▶ **What you will do**: What you return should be the lines from the one with "1980 Providence Oaks" through the one with "1024 Winterberry Circle" in the data below, reproduced exactly with both ends, and no pictures at all.

▶ **Given records**:
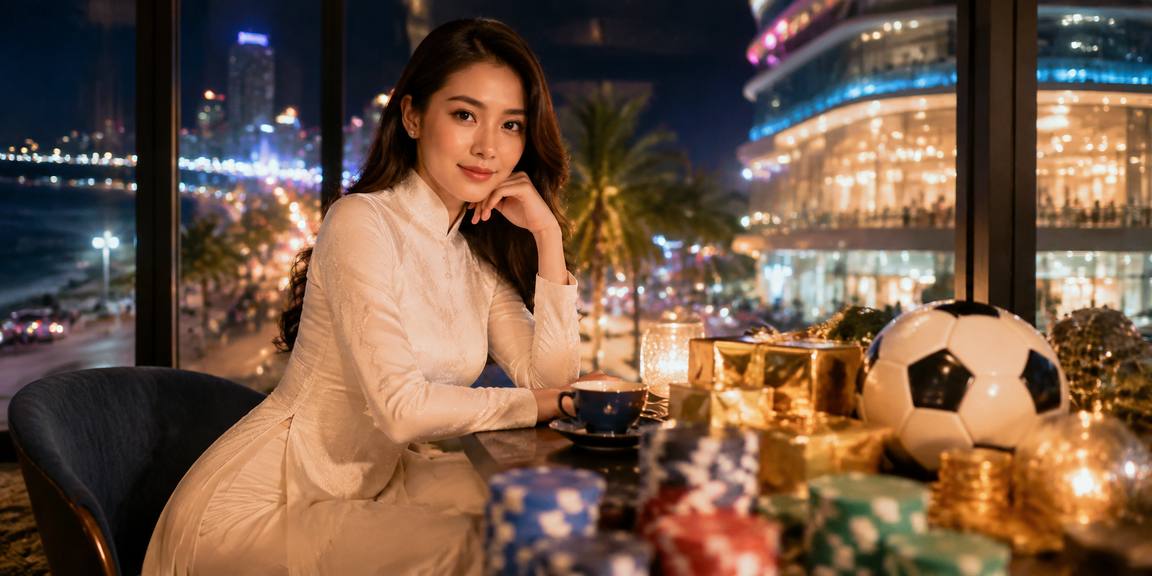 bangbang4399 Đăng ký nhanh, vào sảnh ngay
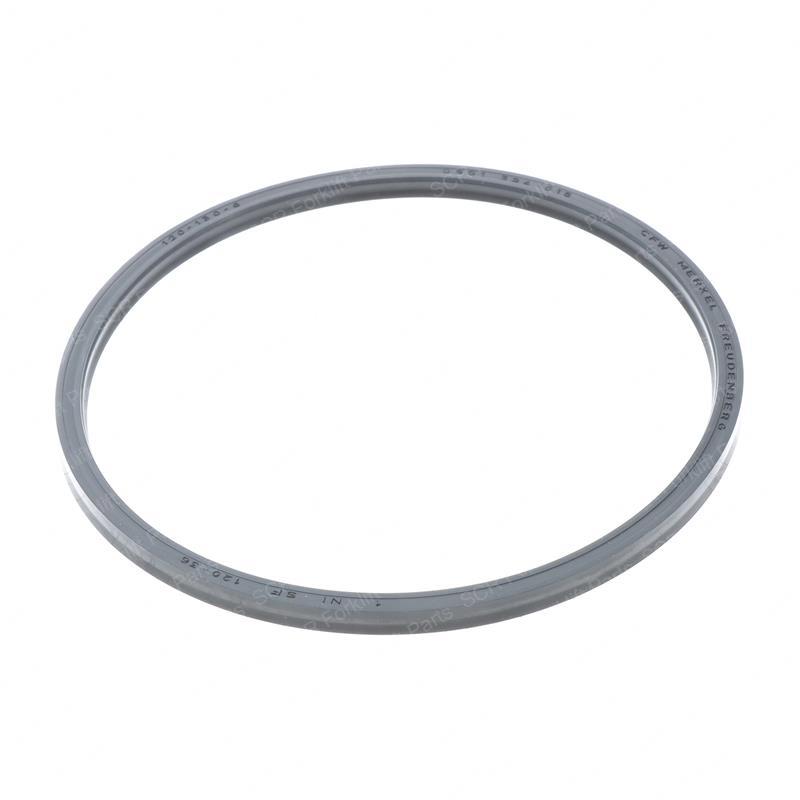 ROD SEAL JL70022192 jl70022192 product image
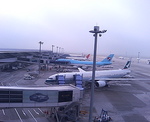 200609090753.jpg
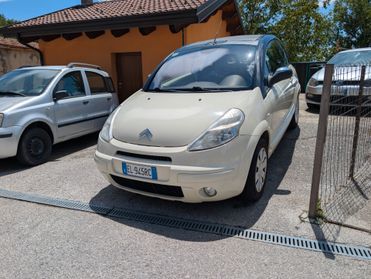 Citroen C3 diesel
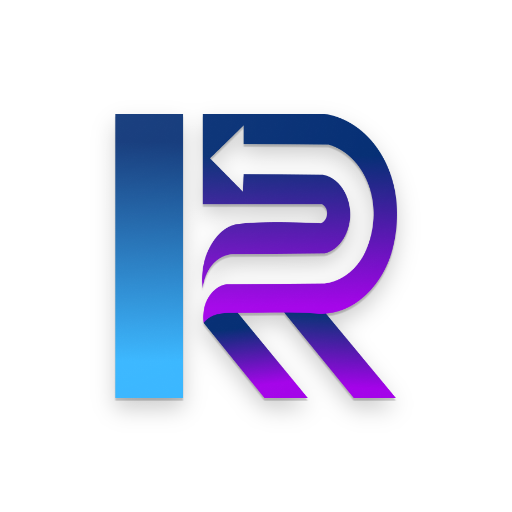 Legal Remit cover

==

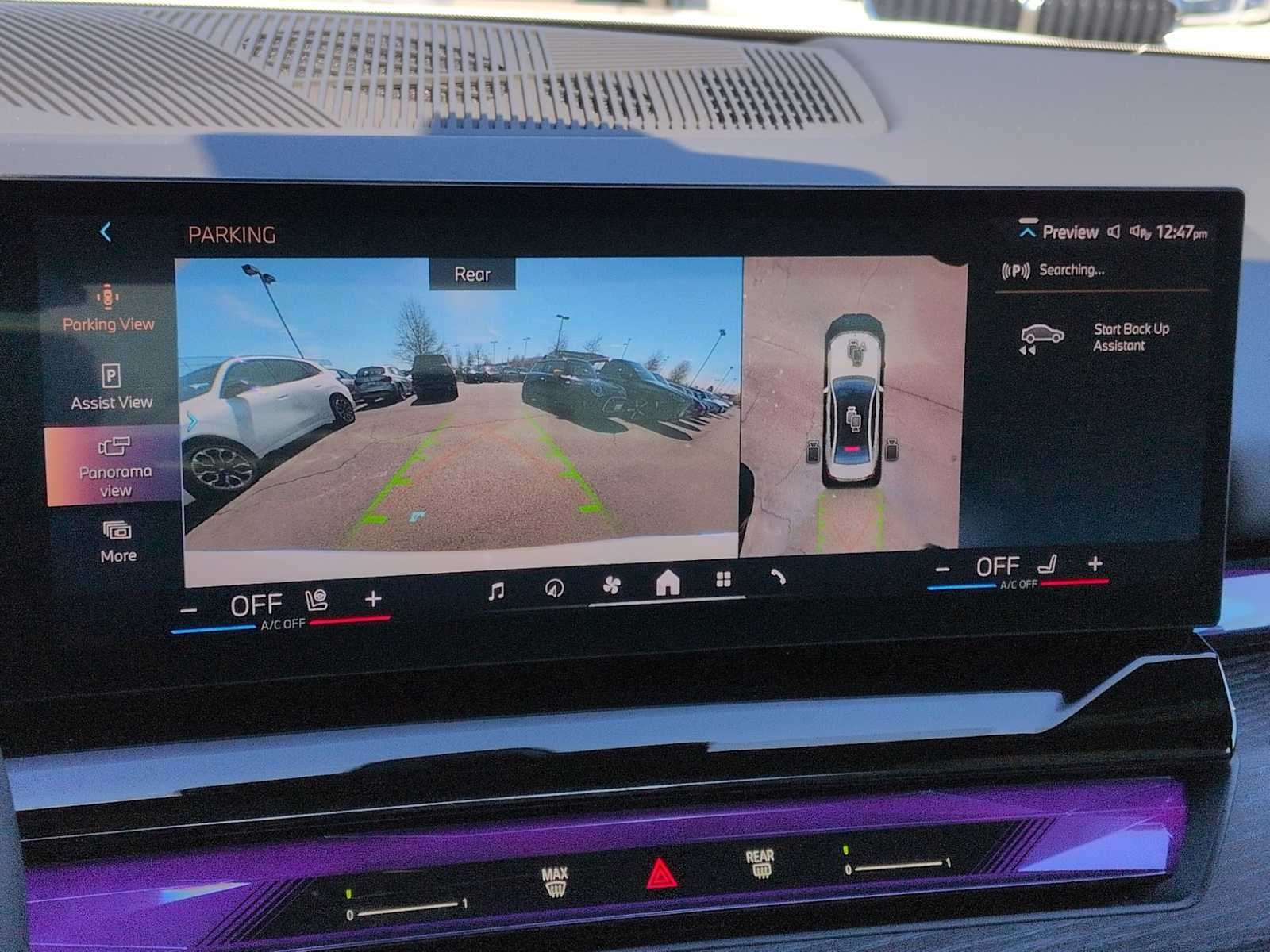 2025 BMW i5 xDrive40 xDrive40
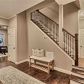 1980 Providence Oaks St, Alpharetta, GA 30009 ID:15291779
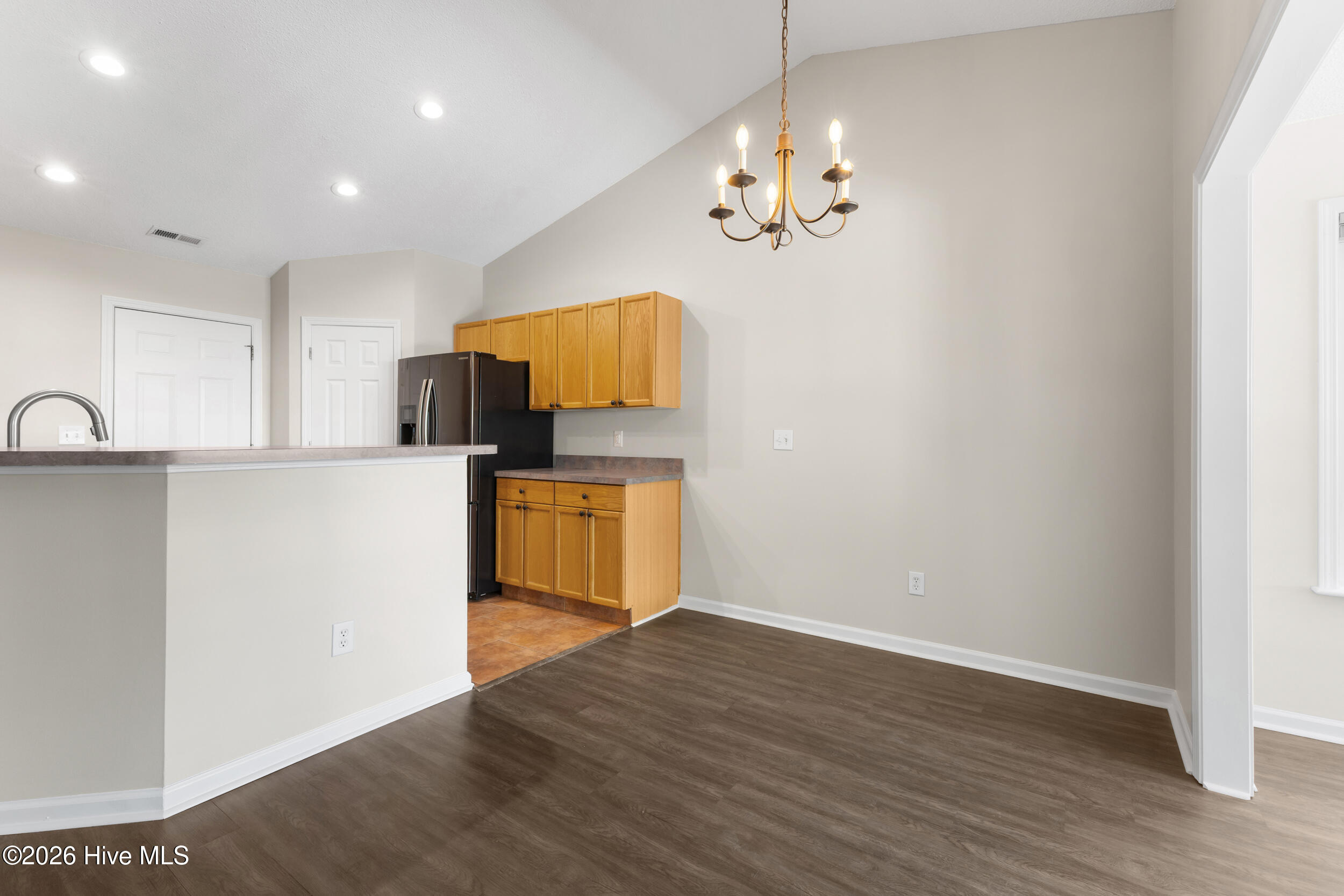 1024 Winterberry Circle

▶ **Exercise result**:
 1980 Providence Oaks St, Alpharetta, GA 30009 ID:15291779
 1024 Winterberry Circle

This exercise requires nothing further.